__Work instructions__.
An exact copy of every line from the one holding "Falda holgada de" to the end of the entries below is required; leave the pictures out.
= Beginning of Section =
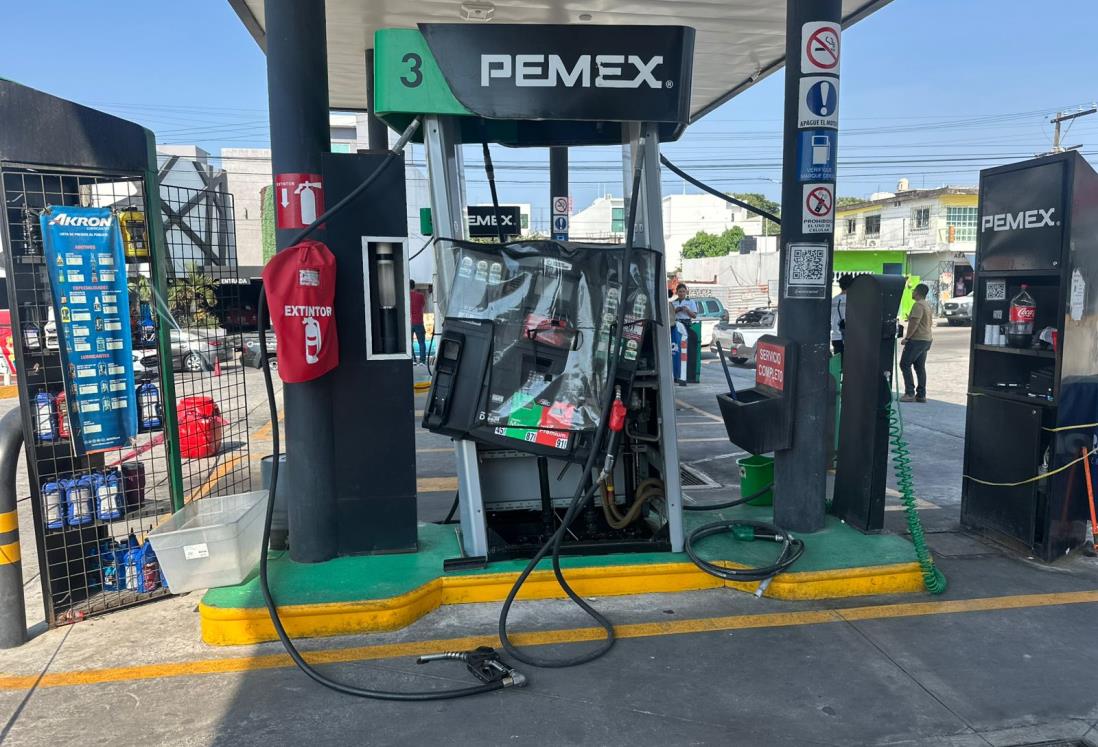 Auto arranca pistola y manguera de una bomba despachadora de gasolina en Boca del Río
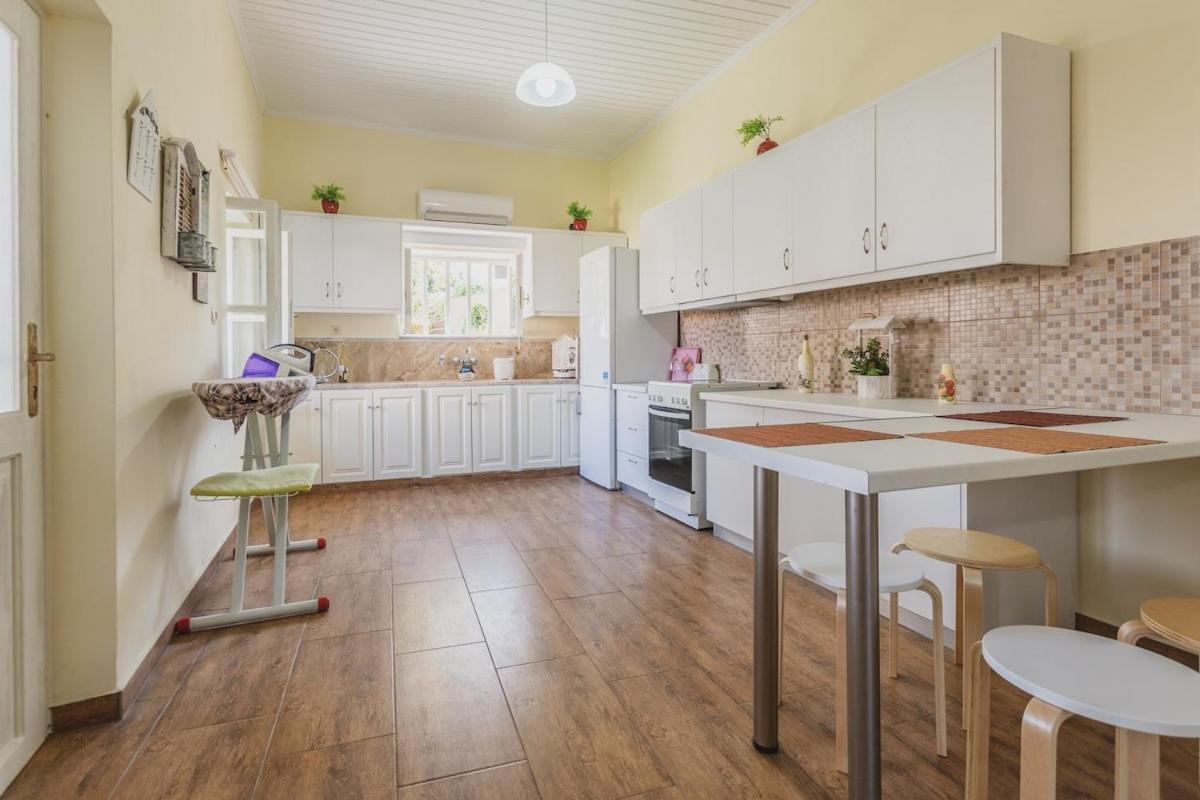 Angels' Home- Modern & Comfy, Fully Equipped 3Bd Dhrapanos Экстерьер фото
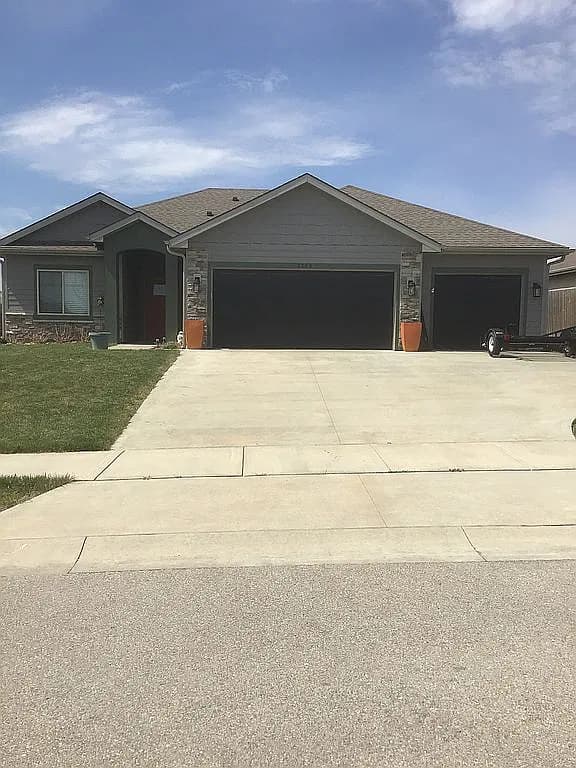 2525 Ralston St — exterior photo
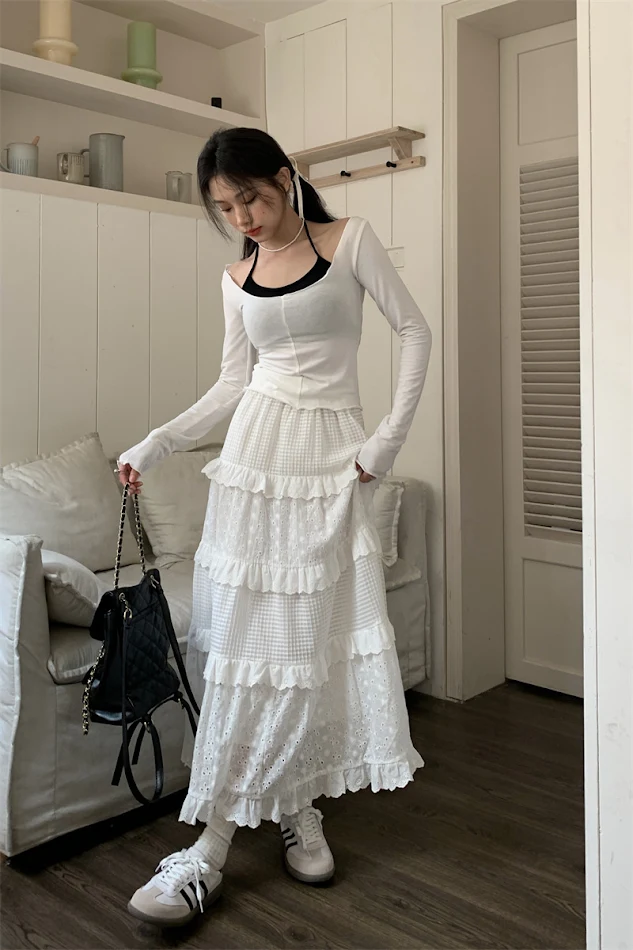 Falda holgada de cintura alta con costura hueca de ganchillo tridimensional, ideal para un look moderno y cómodo.
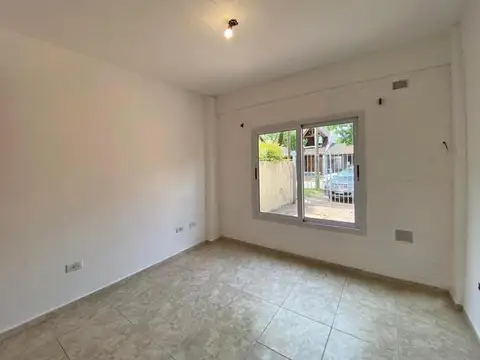 Departamento en Alquiler en Merlo, $ 420.000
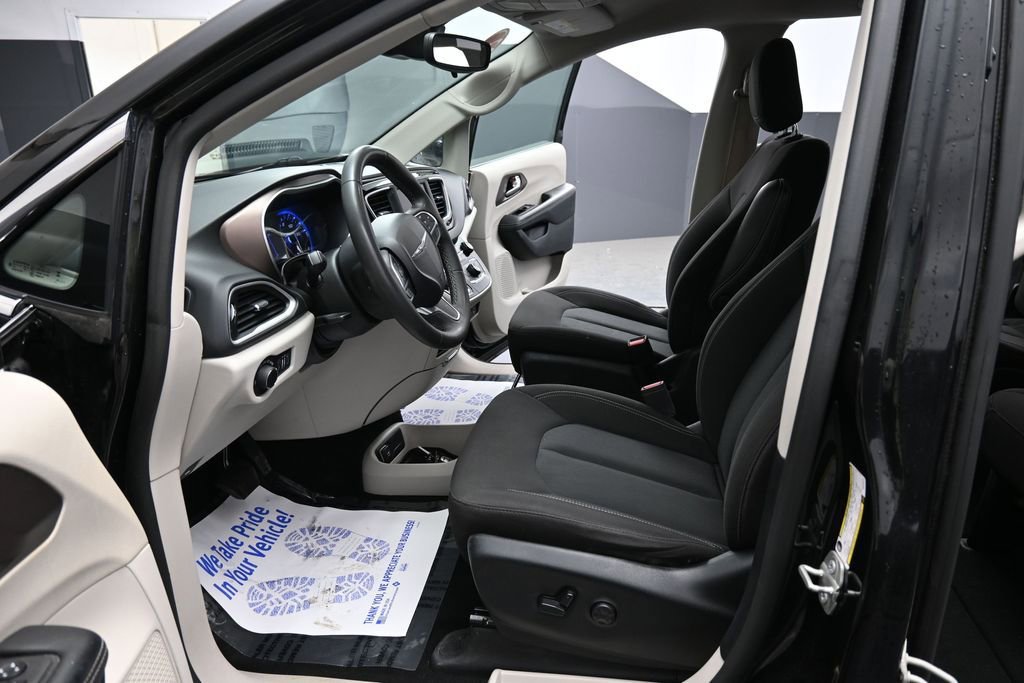 Used 2023 Chrysler Voyager LX FWD image 30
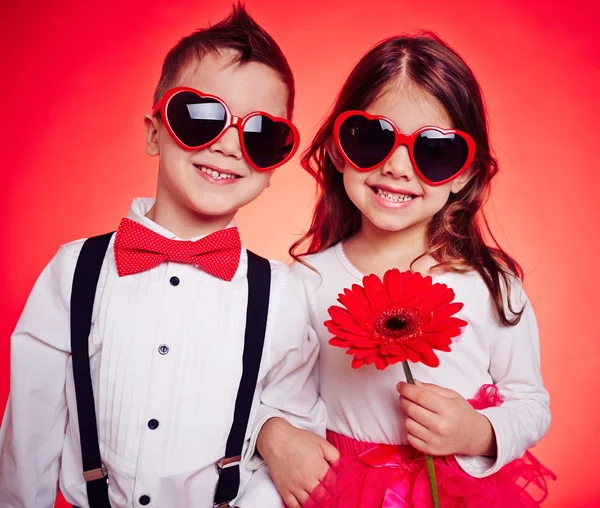 Kids in heart-shaped sunglasses — Stock Photo, Image
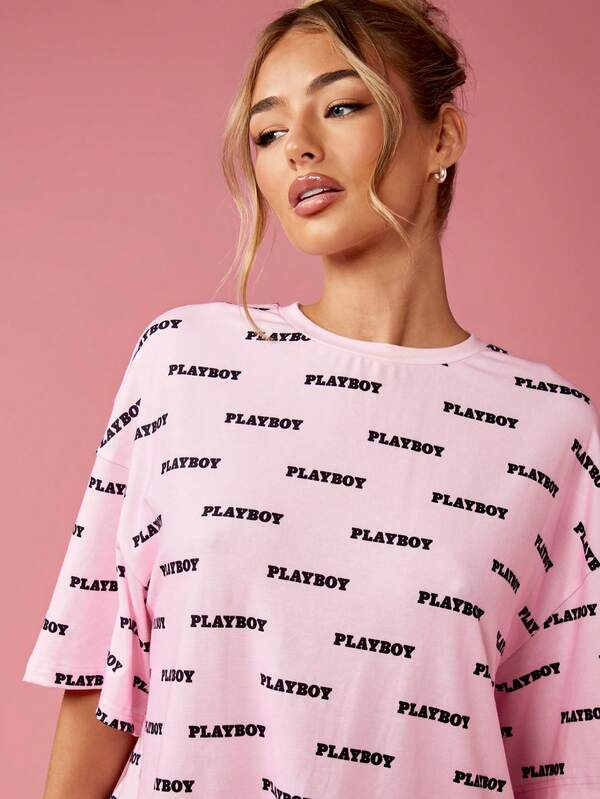Missguided Missguided X Playboy All Over Print Oversized T-Shirt Street Style Urban Casual
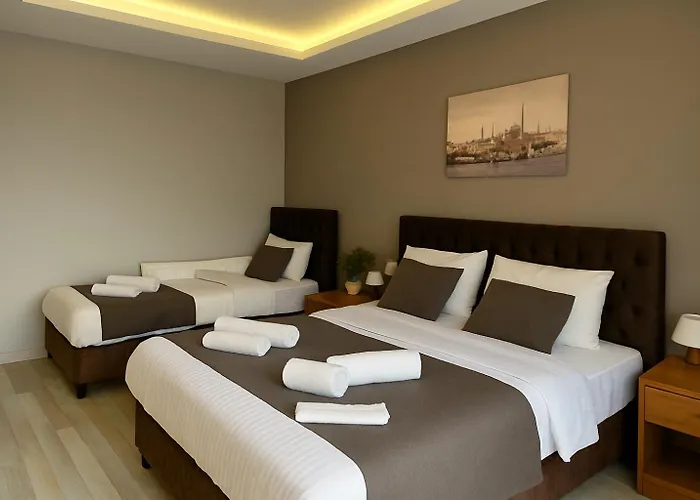 Хостел The Grand Baazar *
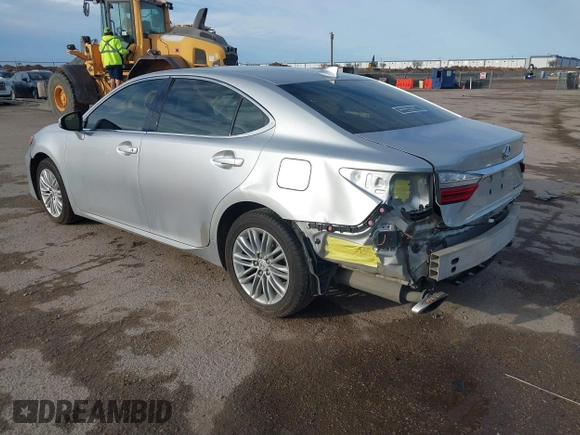 2016 Lexus ES 330 z VIN JTHBK1GG1G2217808, wystawiony jako IAAI lot #41675933 z przebiegiem 122 760 mil mil oraz . Historia ofert i sprzedaży dostępna na DreamBid. Obrazek 3.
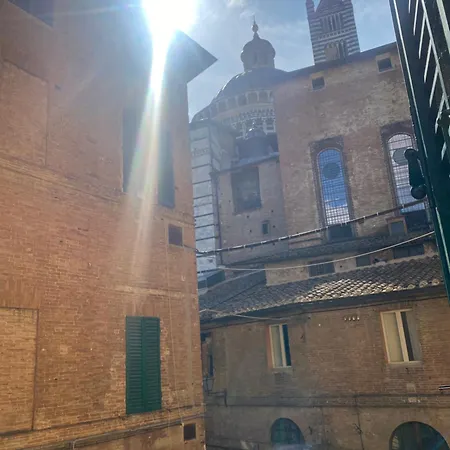 Pensión Scala 1746 Siena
= End of Section =
__Response to this exercise__.
 Falda holgada de cintura alta con costura hueca de ganchillo tridimensional, ideal para un look moderno y cómodo.
 Departamento en Alquiler en Merlo, $ 420.000
 Used 2023 Chrysler Voyager LX FWD image 30
 Kids in heart-shaped sunglasses — Stock Photo, Image
Missguided Missguided X Playboy All Over Print Oversized T-Shirt Street Style Urban Casual
 Хостел The Grand Baazar *
 2016 Lexus ES 330 z VIN JTHBK1GG1G2217808, wystawiony jako IAAI lot #41675933 z przebiegiem 122 760 mil mil oraz . Historia ofert i sprzedaży dostępna na DreamBid. Obrazek 3.
 Pensión Scala 1746 Siena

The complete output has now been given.